DiI-labeled acetylated low-density lipoprotein (DiI-Ac-LDL) uptake assay
HUVECs, MCF-7CD133+, or MCF-7CD133- induced endothelial cells were seeded in 24-well plates and cultured for 48 h. Subsequently, the culture media was removed and cells were incubated in serum-free ECM endothelial cell medium for 3 h. DiI-Ac-LDL was prepared in serum-free EGM medium at a concentration of 10 µg/ml, added to cells, and incubated at 37˚C for 4 h. Following incubation, the media was discarded, and cells were washed three times in 0.01M PBS to eliminate any unbound DiI-Ac-LDL. Finally, supplemented culture medium was added and the cells were examined under a fluorescence microscope (x400 magnification).
MDM2/CEN12 fluorescent in situ hybridization (FISH) fluorescent probe detection
Cell preparation involved washing HUVEC, MCF-7CD133+, and MCF-7CD133--induced endothelial cells with 0.01M PBS, dropping them onto a glass slide, denaturing at 73˚C for 2 min, hybridizing with a MDM2/CEN12 probe (cat. no. FG0020; Abnova) at 38˚C for 16 h, and washing with 0.3% NP-40/SSC and 0.1% NP-40/SSC. The slides were sequentially dehydrated in 70, 90 and 100% ethanol for 2 min each. Finally, the cell nuclei were counterstained for 5 min at room temperature with DAPI and observed under a fluorescence microscope (x1,000 magnification).
Statistical analysis
Data were analyzed using SPSS version 18.0 (SPSS Inc.), all data are presented as the mean ± SD. Differences between groups were compared using an unpaired Student's t-test. P<0.05 was considered to indicate a statistically significant difference.
Results
CD133 expression levels in MCF-7 pre- and post-immunomagnetic bead separation
Flow cytometry was used to assess CD133 expression in the MCF-7 breast cancer cells, and it was found that only 1.7±0.3% of the cells exhibited CD133 expression (Fig. 1A). Post anti-CD133 immunomagnetic bead sorting, two subpopulations, MCF-7CD133+ and MCF-7CD133-, were isolated. Flow cytometry was used to measure the proportions of CD133+ cells in these subpopulations, revealing expression rates of 85.6±2.8% for MCF-7CD133+ and 0.18±0.08% for MCF-7CD133- (Fig. 1B).
MCF-7 CD133+ cells exhibit increased in vitro proliferation and spheroid formation capabilities compared with the MCF-7CD133- cells
Compared with the MCF-7CD133- cells, the MCF-7CD133+ cells exhibited increased in vitro proliferation capacity, most notably on day 7 (Fig. 2A). The spheroid formation assay highlighted the cancer stem cell characteristics of both MCF-7CD133+ and MCF-7CD133- cells. After 3 days in low-attachment culture plates, MCF-7CD133+ cells displayed increased differentiation and growth capacity, resulting in a significantly higher number of spheroids compared with the MCF-7CD133- (Fig. 2B).

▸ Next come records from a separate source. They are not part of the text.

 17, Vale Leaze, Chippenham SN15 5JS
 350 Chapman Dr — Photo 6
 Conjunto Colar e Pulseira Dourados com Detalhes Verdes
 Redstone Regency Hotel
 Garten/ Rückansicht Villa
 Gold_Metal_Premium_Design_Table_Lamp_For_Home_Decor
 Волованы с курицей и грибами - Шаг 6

Assessment of endothelial cell marker expression pre- and post-endothelial cell induction culture
MCF-7CD133+ and MCF-7CD133- cells were cultured in stem cell maintenance media for 4 days, followed by 6 days in endothelial cell induction media, to induce tumor stem cells towards endothelial differentiation (Fig. 3A). Flow cytometry was used to assess the expression levels of endothelial cell surface markers CD31 and CD105 before and after induction. In the MCF-7CD133+ cells, the CD31+ proportions were 0.3±0.16% pre-induction and 81.4±8.37% post-induction, and the CD105+ proportions were 0.2±0.08% pre-induction and 83.8±7.24% post-induction (Fig. 3B). In MCF-7CD133- cells, the CD31+ proportions were 0.23±0.12% pre-induction and 3.95±2.1% post-induction, and the CD105+ proportions were 0.26±0.04% pre-induction and 6.3±2.6% post-induction (Fig. 3C).

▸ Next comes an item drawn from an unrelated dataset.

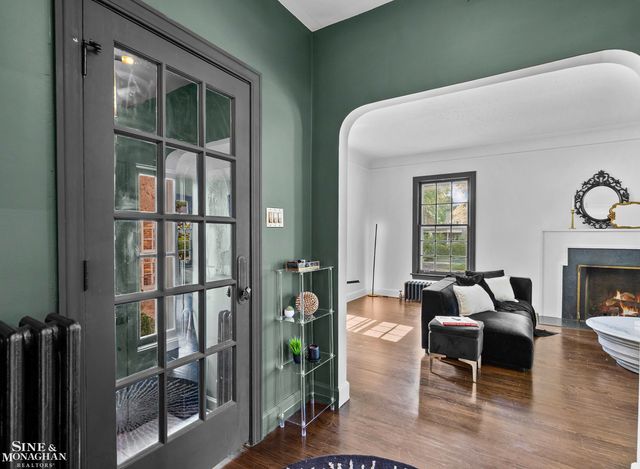 276 Lewiston Road, Grosse Pointe Farms, MI 48236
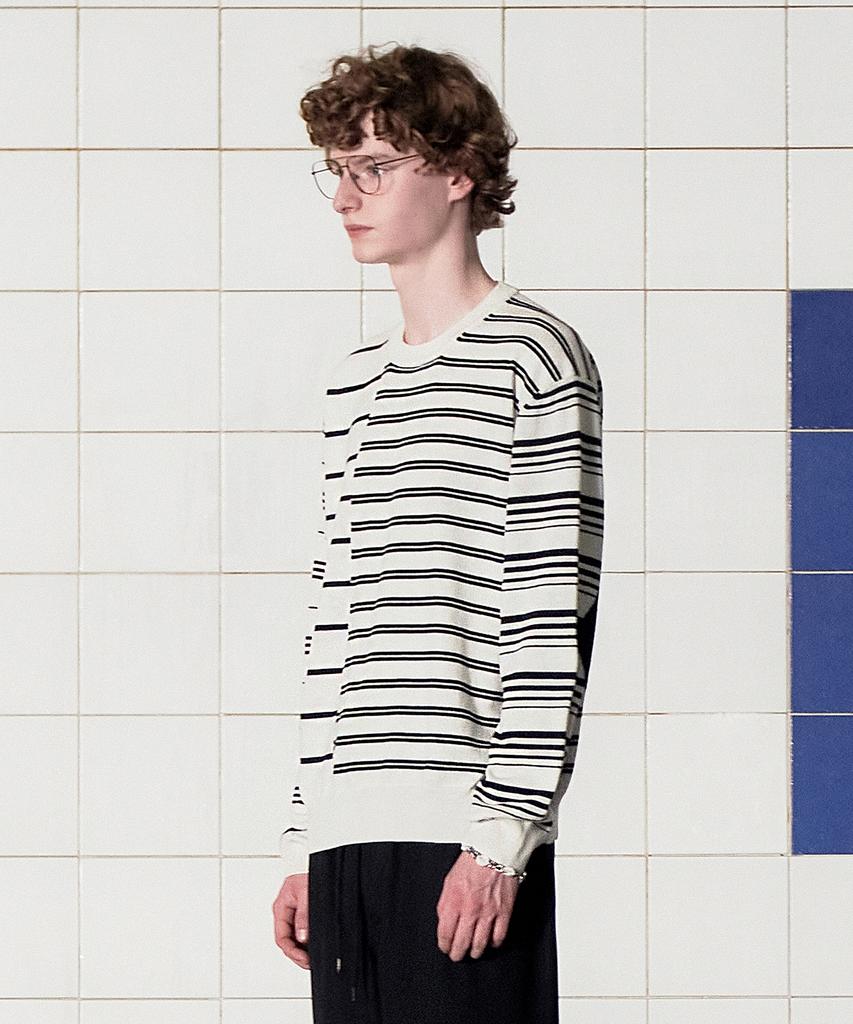 UNALLOYED Argyle Elbow Stripe Knit / Ivory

Evaluation of endothelial cell function and gene amplification
In the endothelial cell tube formation assay, both the positive control HUVECs and MCF-7CD133+ cells formed lumen-like structures. In contrast, the MCF-7CD133- cells did not form these structures (Fig. 4A). In the endothelial cell uptake assay, both positive control HUVECs and MCF-7CD133+ cells emitted red fluorescence after staining with DiI-Ac-LDL (Fig. 4B). FISH experiments indicated that after induction, MCF-7CD133+ cells still exhibited amplification of the MDM2/CEN12 gene in the cell chromosomes (Fig. 4C).
Discussion
Breast cancer, a heterogeneous malignant tumor, is influenced by various risk factors including diet, environment, genetics, and epigenetics. Current data suggest that the 5-year survival rates for stage II and III breast cancer patients are 75 and 61%, respectively. However, 20-30% of cases still exhibit recurrence and/or metastasis (28). Therefore, finding effective strategies to prevent the recurrence and metastasis of breast cancer is crucial.

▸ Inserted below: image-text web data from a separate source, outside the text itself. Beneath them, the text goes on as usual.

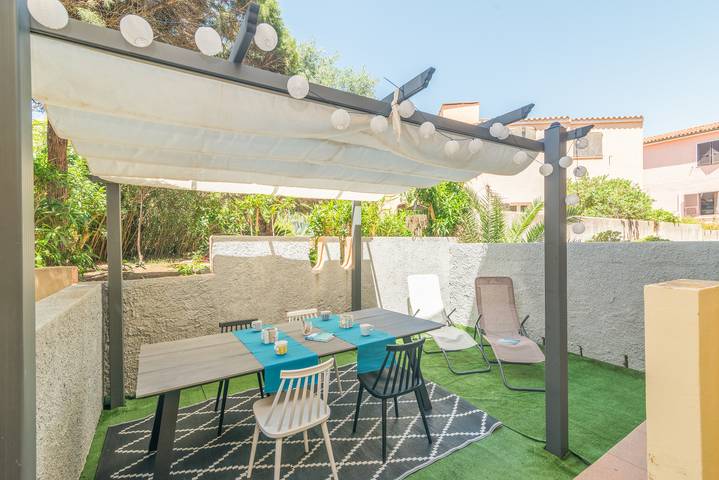 Gîte pour 5 personnes, avec balcon dans Santa Teresa Gallura - 2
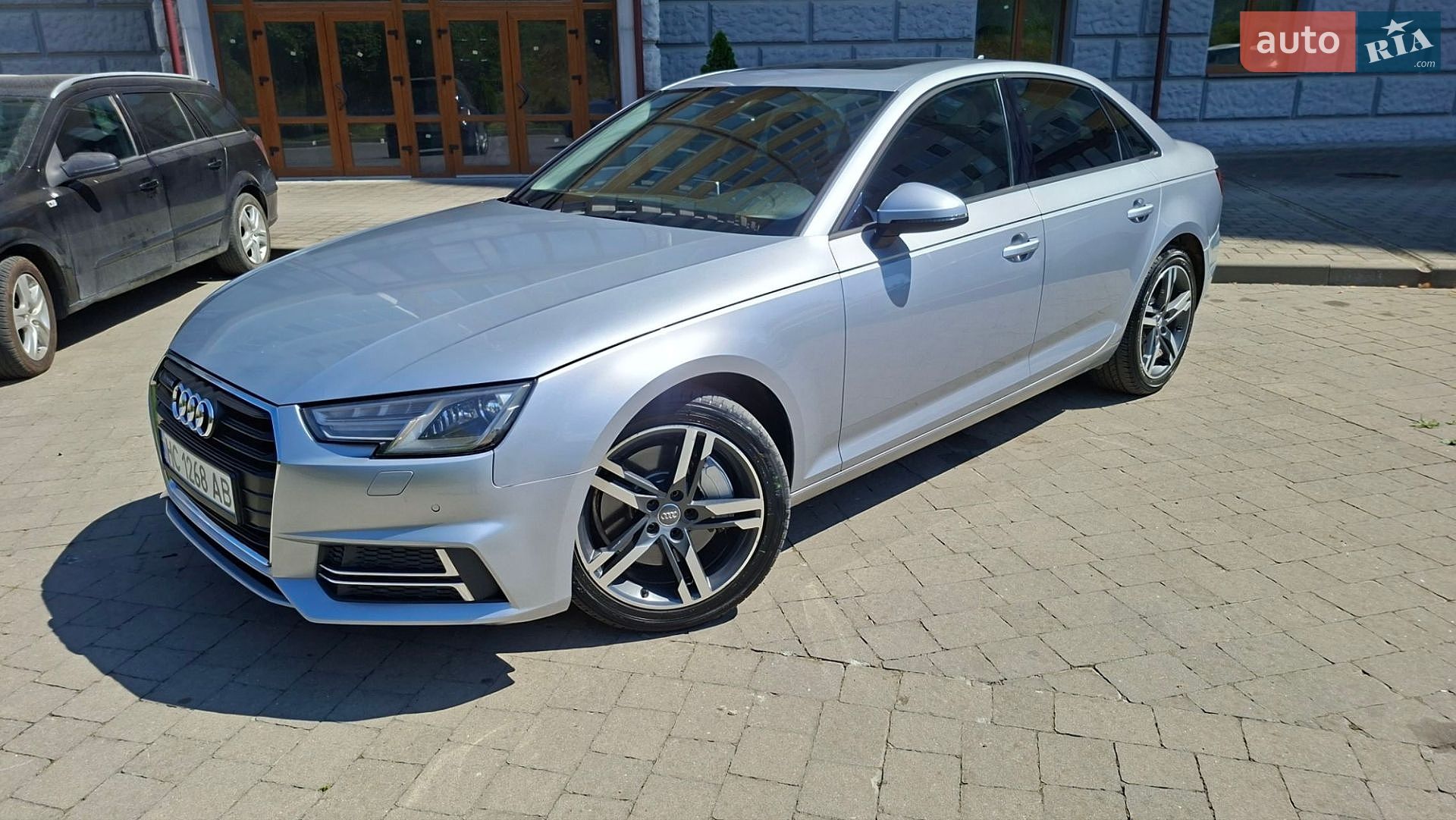 Audi A4 2016 VIN WAUANAF48HN020661 фото оголошення 2 з 19
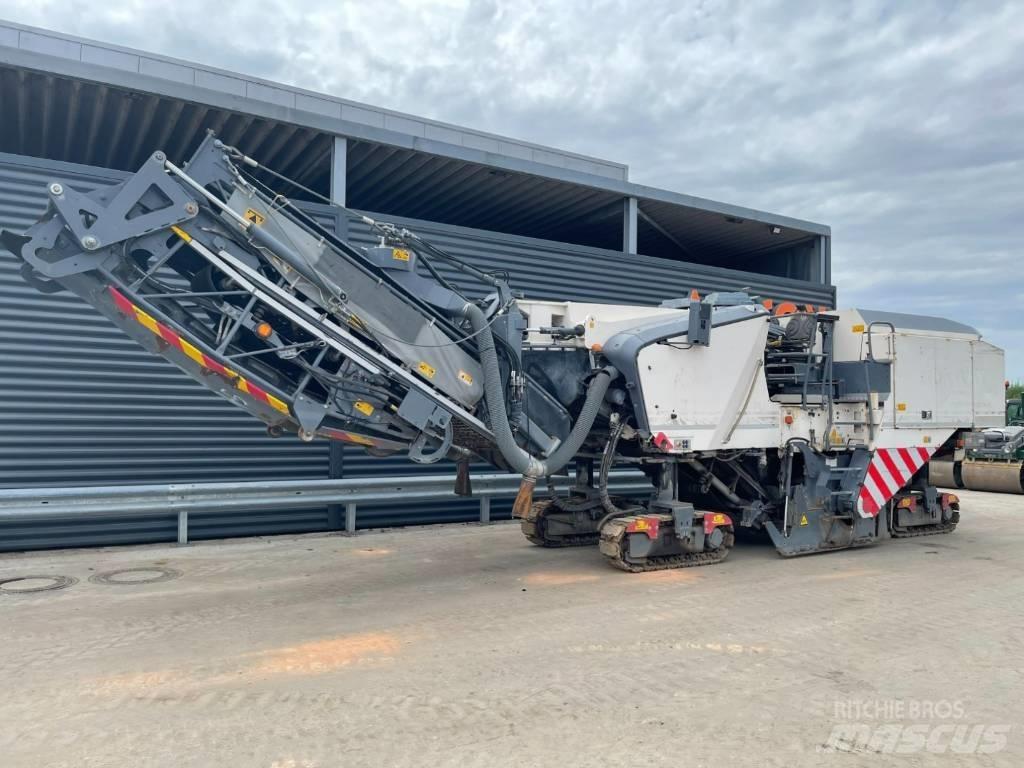Wirtgen W210 아스팔트 콜드 밀링 기계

Contemporary theories suggest the presence of tumor stem cells in tumor patients, cells with characteristics akin to embryonic stem cells. These cells have unlimited proliferation, self-renewal, and multilineage differentiation capabilities. Additionally, they exhibit chemoresistance and radioresistance, contributing to recurrence and metastasis despite comprehensive anti-tumor therapies (29-31). CD133, also known as Prominin-1, a member of the Prominin family, is a five-transmembrane domain glycoprotein predominantly located on cell membrane surface protrusions and is recognized as a key biomarker for CSCs (32,33). In the present study, we initially identified a minor population of CD133-expressing cells within the MCF-7 breast cancer cell line. Utilizing anti-CD133 immunomagnetic bead separation, MCF-7CD133+ cells with a high CD133 positivity rate of approximately 85% were isolated, as determined by flow cytometry. It is important to note that the proportion of CSCs within cancer cell lines can indeed change over time and with continuous passaging. Thus, the proportion of stem cells and cancer cells within the cell lines across different passages was monitored to assess this variability. In comparison with MCF-7CD133- cells, the MCF-7CD133+ cells exhibited a significantly enhanced proliferative capacity. An actively proliferating subset of CSCs may play a crucial role in the growth and progression of tumors. These cells can give rise to more differentiated tumor cells while maintaining the CSC population, allowing the tumor to grow and potentially spread. When cultured in serum-free media enriched with growth factors, MCF-7CD133+ cells rapidly formed spheroids, exhibiting growth in suspension, and robust proliferation, while MCF-7CD133- cells showed a significantly reduced capacity for spheroid formation. These findings indicate that the MCF-7CD133+ cells were enriched in stem cells.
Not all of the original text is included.